*** Begin section ***
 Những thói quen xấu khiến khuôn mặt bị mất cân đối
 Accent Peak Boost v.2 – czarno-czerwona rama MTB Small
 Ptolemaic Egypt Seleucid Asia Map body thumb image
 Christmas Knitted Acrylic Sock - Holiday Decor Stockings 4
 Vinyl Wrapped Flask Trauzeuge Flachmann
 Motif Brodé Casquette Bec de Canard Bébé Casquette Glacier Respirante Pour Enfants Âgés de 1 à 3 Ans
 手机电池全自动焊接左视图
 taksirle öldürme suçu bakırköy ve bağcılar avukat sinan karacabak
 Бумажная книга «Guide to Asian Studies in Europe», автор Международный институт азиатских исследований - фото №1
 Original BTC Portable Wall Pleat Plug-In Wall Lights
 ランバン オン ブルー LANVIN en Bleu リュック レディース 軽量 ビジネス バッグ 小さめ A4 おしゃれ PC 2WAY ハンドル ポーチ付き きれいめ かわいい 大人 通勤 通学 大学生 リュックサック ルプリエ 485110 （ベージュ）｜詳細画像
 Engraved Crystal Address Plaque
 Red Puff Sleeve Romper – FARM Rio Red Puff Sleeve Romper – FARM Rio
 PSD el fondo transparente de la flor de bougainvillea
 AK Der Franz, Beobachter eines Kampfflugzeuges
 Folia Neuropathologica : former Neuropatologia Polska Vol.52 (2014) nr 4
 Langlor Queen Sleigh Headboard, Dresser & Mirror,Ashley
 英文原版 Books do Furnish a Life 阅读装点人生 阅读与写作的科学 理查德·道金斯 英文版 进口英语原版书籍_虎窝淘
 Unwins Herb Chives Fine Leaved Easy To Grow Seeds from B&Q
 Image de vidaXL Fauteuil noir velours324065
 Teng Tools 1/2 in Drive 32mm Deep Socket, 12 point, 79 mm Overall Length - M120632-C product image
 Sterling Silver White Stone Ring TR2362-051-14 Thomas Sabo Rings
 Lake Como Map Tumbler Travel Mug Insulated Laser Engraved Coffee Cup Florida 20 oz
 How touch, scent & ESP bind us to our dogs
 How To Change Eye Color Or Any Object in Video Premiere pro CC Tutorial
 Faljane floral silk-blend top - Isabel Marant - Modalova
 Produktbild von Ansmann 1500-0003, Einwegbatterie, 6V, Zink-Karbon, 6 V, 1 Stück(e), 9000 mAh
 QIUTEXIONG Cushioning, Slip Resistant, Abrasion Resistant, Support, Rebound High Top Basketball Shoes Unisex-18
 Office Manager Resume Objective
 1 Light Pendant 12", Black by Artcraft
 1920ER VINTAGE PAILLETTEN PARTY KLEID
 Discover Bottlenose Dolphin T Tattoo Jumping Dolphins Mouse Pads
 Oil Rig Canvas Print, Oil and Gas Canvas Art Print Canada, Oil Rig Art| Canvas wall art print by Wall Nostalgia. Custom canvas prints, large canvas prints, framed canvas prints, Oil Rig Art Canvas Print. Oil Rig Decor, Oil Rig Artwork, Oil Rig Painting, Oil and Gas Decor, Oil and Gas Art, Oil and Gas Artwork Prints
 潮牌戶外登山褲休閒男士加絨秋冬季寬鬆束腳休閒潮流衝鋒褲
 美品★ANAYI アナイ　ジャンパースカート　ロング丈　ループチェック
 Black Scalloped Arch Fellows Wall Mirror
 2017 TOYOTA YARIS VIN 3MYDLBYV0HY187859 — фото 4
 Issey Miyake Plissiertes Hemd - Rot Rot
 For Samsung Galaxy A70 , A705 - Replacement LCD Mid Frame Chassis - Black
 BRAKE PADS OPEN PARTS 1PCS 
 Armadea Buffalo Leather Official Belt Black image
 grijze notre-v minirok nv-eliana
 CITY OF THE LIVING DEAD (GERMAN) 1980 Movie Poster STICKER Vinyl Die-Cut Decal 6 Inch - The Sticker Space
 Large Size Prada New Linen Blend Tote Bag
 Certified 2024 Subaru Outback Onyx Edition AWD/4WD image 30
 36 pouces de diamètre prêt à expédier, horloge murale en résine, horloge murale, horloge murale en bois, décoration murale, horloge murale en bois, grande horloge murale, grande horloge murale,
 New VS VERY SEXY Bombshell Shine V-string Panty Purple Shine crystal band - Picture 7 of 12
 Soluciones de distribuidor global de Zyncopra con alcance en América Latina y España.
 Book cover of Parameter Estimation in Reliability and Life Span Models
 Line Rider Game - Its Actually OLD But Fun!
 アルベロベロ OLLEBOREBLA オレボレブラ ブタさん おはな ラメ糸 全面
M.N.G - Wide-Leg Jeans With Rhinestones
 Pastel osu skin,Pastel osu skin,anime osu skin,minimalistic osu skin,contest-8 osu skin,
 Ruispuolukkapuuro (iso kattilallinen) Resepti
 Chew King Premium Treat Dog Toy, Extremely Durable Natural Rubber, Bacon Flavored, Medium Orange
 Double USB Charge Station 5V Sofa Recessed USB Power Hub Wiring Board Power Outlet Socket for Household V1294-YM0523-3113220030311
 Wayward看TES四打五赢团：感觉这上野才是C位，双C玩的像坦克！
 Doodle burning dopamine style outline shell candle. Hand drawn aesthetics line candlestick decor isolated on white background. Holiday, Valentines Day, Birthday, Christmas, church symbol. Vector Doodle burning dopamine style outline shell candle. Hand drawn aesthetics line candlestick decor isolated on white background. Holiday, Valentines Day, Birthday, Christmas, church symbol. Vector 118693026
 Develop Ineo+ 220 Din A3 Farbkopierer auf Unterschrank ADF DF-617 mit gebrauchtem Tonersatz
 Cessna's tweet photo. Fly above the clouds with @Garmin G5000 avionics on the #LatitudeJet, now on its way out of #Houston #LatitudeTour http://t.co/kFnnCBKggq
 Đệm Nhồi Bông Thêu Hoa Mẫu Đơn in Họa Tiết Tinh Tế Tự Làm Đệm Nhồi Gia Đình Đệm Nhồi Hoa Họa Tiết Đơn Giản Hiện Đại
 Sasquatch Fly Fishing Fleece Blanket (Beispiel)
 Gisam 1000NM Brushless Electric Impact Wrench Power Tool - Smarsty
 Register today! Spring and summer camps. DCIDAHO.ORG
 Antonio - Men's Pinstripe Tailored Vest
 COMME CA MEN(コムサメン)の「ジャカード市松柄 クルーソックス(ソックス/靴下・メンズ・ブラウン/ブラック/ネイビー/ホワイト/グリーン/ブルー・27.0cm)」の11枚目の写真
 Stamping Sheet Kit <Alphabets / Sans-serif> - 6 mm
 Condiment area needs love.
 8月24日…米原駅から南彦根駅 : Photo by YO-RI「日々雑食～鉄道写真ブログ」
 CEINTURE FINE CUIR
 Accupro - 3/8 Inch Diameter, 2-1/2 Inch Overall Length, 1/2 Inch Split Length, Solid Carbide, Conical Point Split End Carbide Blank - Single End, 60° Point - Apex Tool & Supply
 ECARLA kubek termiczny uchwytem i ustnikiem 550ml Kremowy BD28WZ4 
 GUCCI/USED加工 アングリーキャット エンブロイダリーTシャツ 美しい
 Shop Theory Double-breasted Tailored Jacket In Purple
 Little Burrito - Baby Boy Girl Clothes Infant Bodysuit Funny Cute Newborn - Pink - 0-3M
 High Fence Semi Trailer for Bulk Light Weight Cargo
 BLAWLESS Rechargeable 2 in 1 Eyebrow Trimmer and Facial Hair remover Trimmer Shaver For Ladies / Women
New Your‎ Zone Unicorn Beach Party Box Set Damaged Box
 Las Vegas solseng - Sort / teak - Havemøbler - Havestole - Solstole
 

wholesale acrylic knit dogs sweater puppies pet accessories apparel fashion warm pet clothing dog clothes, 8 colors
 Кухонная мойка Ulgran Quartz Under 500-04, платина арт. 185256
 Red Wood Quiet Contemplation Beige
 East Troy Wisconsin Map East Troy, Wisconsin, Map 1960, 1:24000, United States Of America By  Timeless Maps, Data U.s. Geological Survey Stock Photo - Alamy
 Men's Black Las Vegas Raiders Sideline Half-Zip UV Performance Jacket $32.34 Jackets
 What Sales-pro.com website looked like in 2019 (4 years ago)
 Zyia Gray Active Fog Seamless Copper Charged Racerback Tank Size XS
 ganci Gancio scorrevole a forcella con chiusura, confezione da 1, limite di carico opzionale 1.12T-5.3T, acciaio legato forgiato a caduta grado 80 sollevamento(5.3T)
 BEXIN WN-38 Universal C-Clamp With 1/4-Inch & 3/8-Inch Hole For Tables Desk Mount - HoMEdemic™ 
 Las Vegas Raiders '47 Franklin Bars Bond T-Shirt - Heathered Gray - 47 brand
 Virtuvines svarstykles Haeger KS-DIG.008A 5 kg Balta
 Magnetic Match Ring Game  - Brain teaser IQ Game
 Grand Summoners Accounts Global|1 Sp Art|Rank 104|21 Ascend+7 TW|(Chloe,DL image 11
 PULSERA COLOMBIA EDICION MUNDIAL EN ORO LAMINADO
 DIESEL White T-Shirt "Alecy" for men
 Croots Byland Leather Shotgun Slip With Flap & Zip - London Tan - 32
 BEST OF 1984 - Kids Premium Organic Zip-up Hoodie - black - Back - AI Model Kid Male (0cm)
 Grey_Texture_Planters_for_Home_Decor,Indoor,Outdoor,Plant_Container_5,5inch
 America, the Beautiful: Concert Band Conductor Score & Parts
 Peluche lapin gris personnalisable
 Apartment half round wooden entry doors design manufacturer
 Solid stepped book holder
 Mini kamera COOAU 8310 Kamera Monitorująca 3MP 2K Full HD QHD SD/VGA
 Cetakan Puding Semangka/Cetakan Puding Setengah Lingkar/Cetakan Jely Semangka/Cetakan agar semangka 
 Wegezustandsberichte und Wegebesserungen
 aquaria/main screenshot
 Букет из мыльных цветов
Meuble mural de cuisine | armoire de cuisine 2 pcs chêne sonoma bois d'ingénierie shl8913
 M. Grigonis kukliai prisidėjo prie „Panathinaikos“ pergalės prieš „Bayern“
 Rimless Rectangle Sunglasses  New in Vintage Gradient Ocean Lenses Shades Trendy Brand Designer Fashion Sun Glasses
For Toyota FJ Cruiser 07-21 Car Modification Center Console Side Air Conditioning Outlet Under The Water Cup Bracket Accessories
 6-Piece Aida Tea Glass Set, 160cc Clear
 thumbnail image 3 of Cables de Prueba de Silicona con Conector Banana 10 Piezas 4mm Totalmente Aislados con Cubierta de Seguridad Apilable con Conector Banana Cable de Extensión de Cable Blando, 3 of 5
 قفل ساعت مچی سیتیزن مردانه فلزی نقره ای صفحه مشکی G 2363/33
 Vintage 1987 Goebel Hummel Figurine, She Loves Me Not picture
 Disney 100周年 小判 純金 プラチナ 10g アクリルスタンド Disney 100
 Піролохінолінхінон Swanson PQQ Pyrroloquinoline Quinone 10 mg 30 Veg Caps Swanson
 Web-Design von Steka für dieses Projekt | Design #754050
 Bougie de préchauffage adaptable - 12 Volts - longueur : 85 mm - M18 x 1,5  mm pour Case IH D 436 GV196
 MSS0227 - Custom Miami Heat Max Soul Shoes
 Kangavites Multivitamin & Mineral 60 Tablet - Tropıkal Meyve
*** End section ***
- **To do**
Find the lines above with the word "Outlet". Copy them out.

- **Written answer**
 Double USB Charge Station 5V Sofa Recessed USB Power Hub Wiring Board Power Outlet Socket for Household V1294-YM0523-3113220030311
For Toyota FJ Cruiser 07-21 Car Modification Center Console Side Air Conditioning Outlet Under The Water Cup Bracket Accessories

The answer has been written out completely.